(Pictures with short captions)
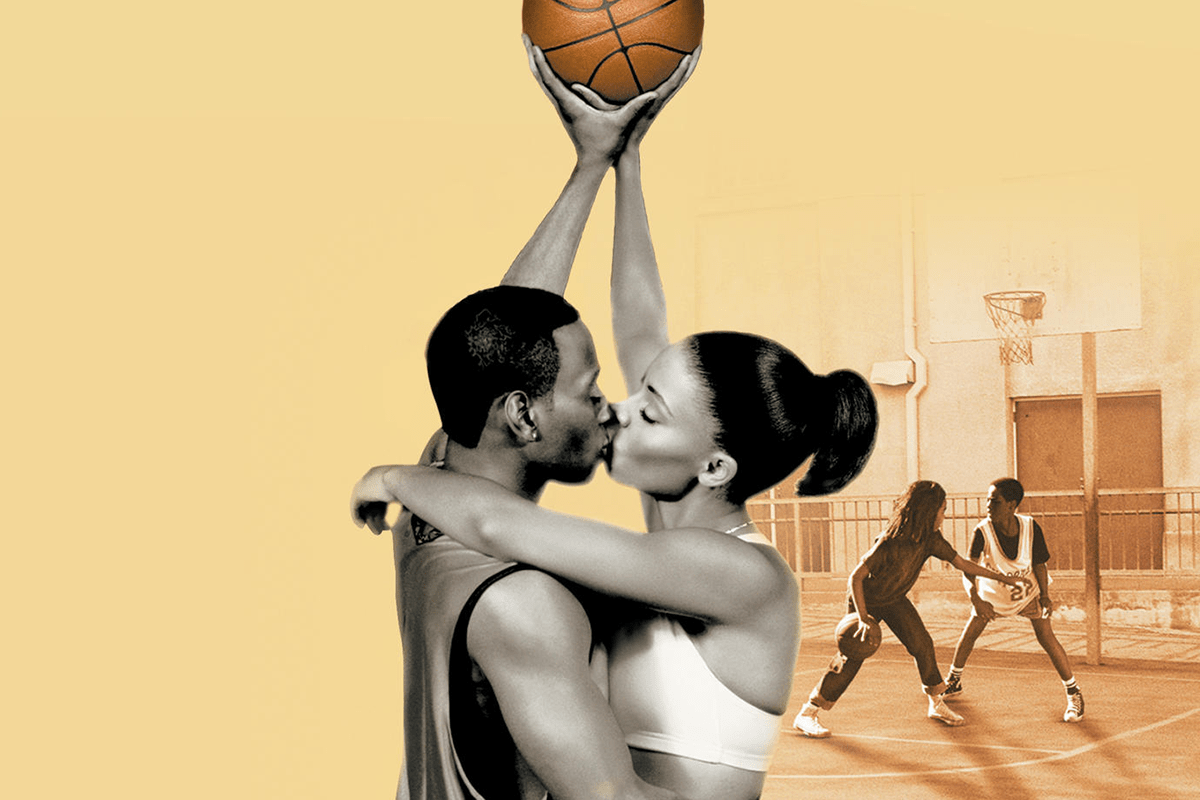 A couple kisses, holding a basketball above them, on a court where two children play in the background.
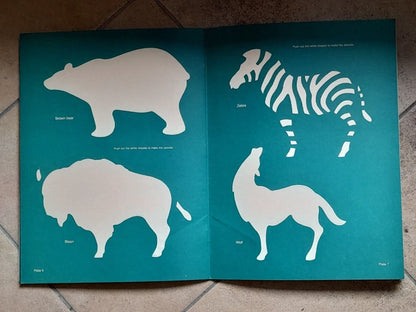WILD ANIMALS PUNCH-OUT STENCILS. J. E. CYMERMAN. DOVER PUBLICATIONS, INC., NEW YORK. 1° EDIZIONE INGLESE 1994.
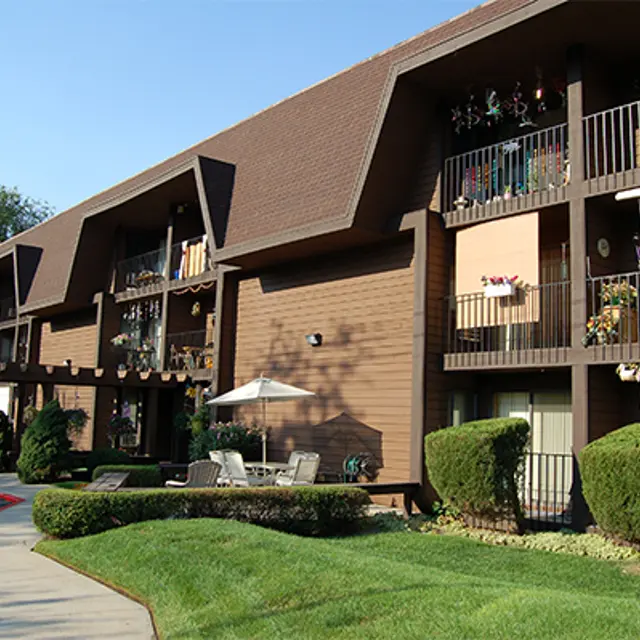 A modern apartment complex with brown wood siding and balconies adorned with plants and flowers. The area features well-maintained lawns and trees, along with a pathway and parked cars.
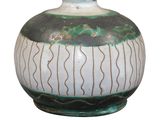 a green and white vase sitting on a white surface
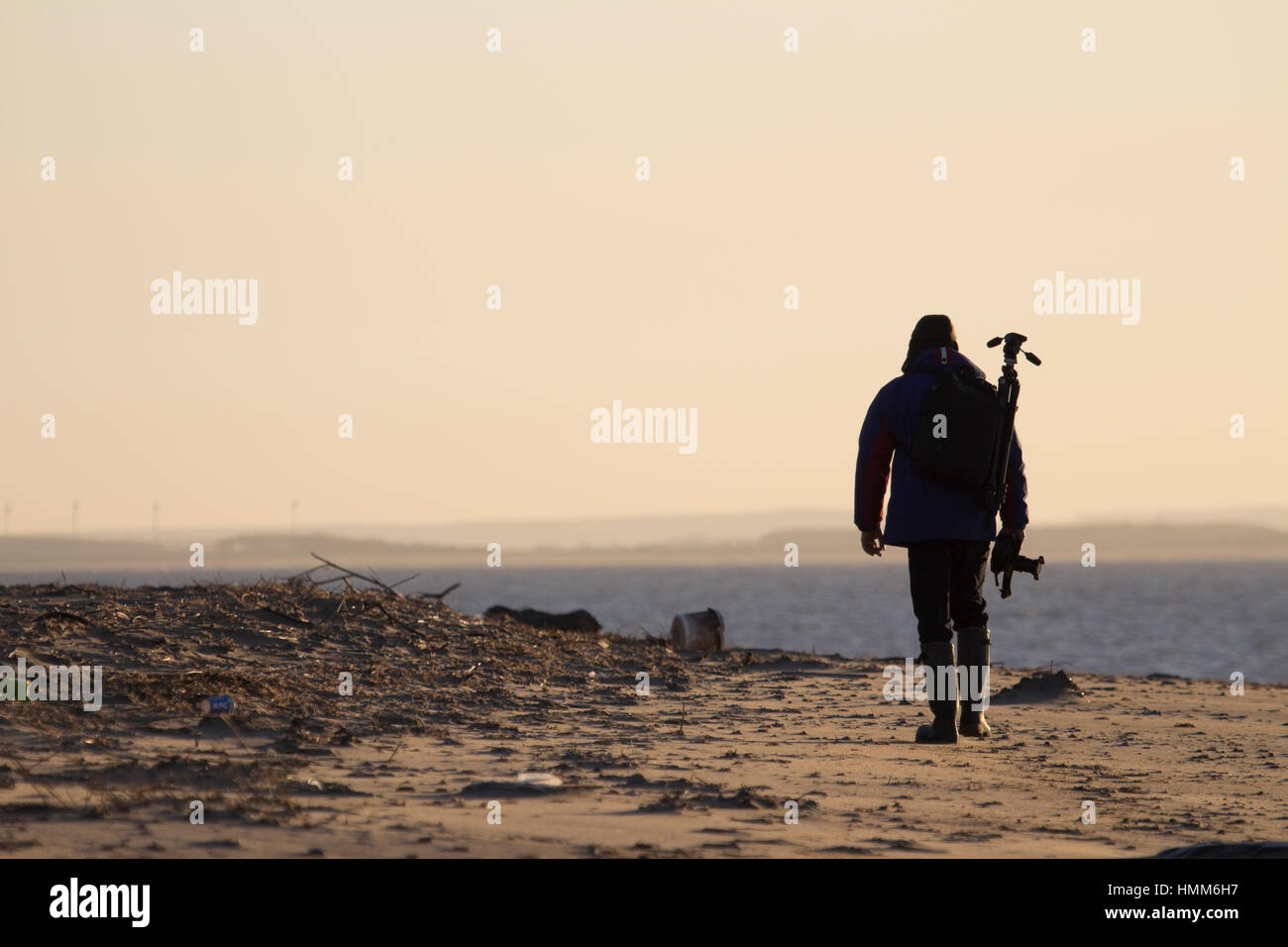 Silhouette di un fotografo di camminare sulla spiaggia al punto di disprezzare, East Yorkshire, Regno Unito Foto Stock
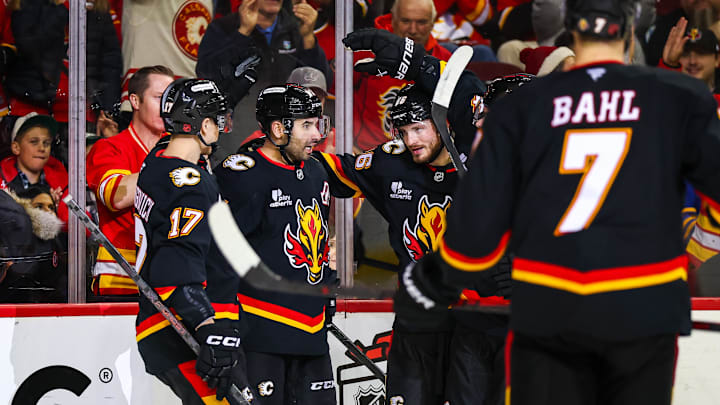 Dec 8, 2025; Calgary, Alberta, CAN; Calgary Flames center Nazem Kadri (91) celebrates his goal with teammates against the Buffalo Sabres during the second period at Scotiabank Saddledome. Mandatory Credit: Sergei Belski-Imagn Images Dec 8, 2025; Calgary, Alberta, CAN; Calgary Flames center Nazem Kadri (91) celebrates his goal with teammates against the Buffalo Sabres during the second period at Scotiabank Saddledome. Mandatory Credit: Sergei Belski-Imagn Images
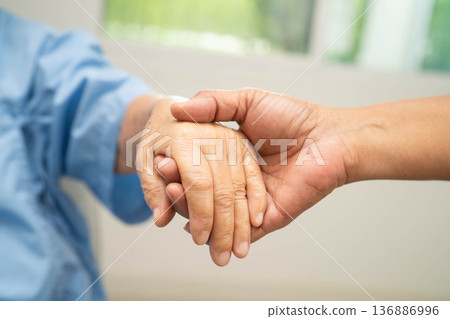 Caregiver holding hands Asian elderly woman patient, help and care in hospital. Caregiver holding hands Asian elderly woman patient, help and care in hospital. 136886996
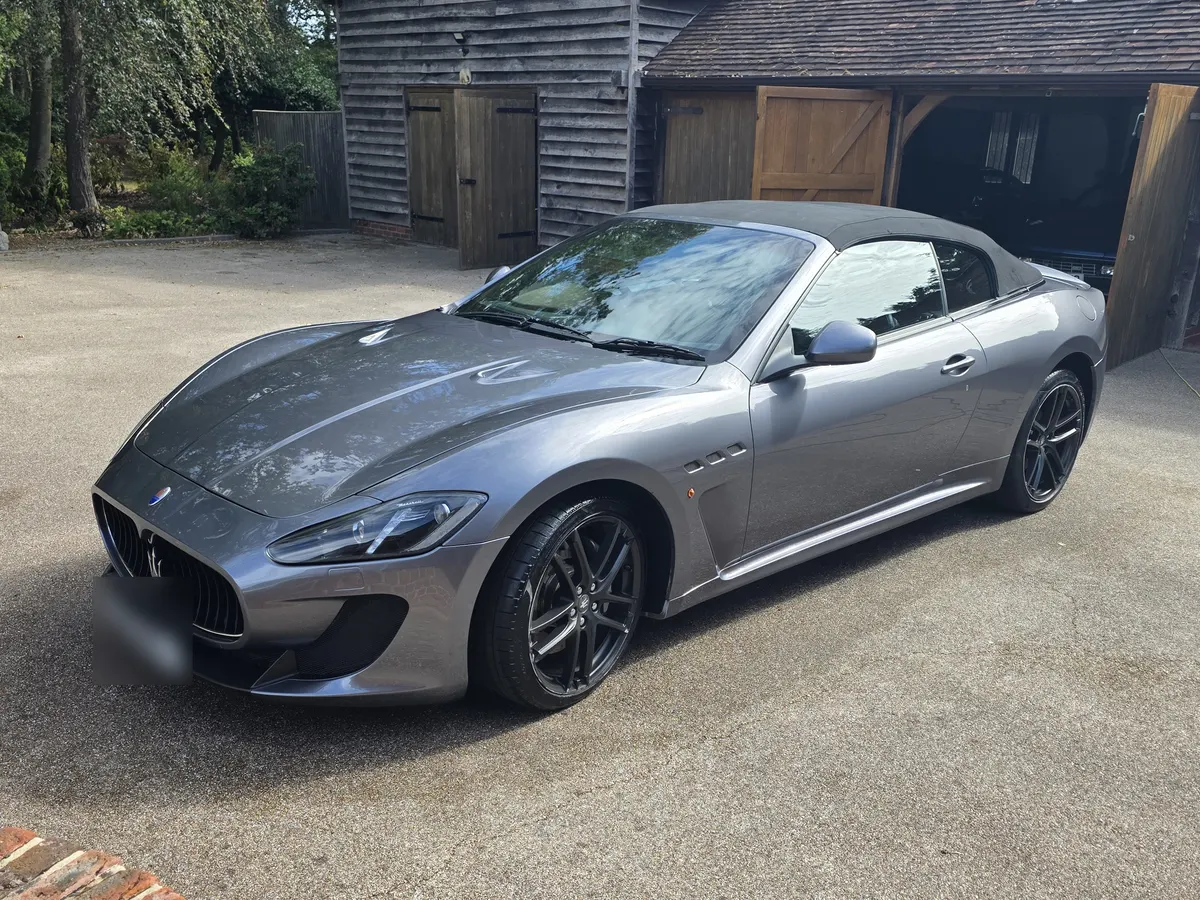 A grey Maserati convertible with its black soft top up, parked on a gravel driveway after a valet.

#### Problem:
Return exactly the lines that appear in the data above between the line containing "a green and" and the line containing "Silhouette di un", both of which are included, and leave the pictures out.

#### Task result:
 a green and white vase sitting on a white surface
 Silhouette di un fotografo di camminare sulla spiaggia al punto di disprezzare, East Yorkshire, Regno Unito Foto Stock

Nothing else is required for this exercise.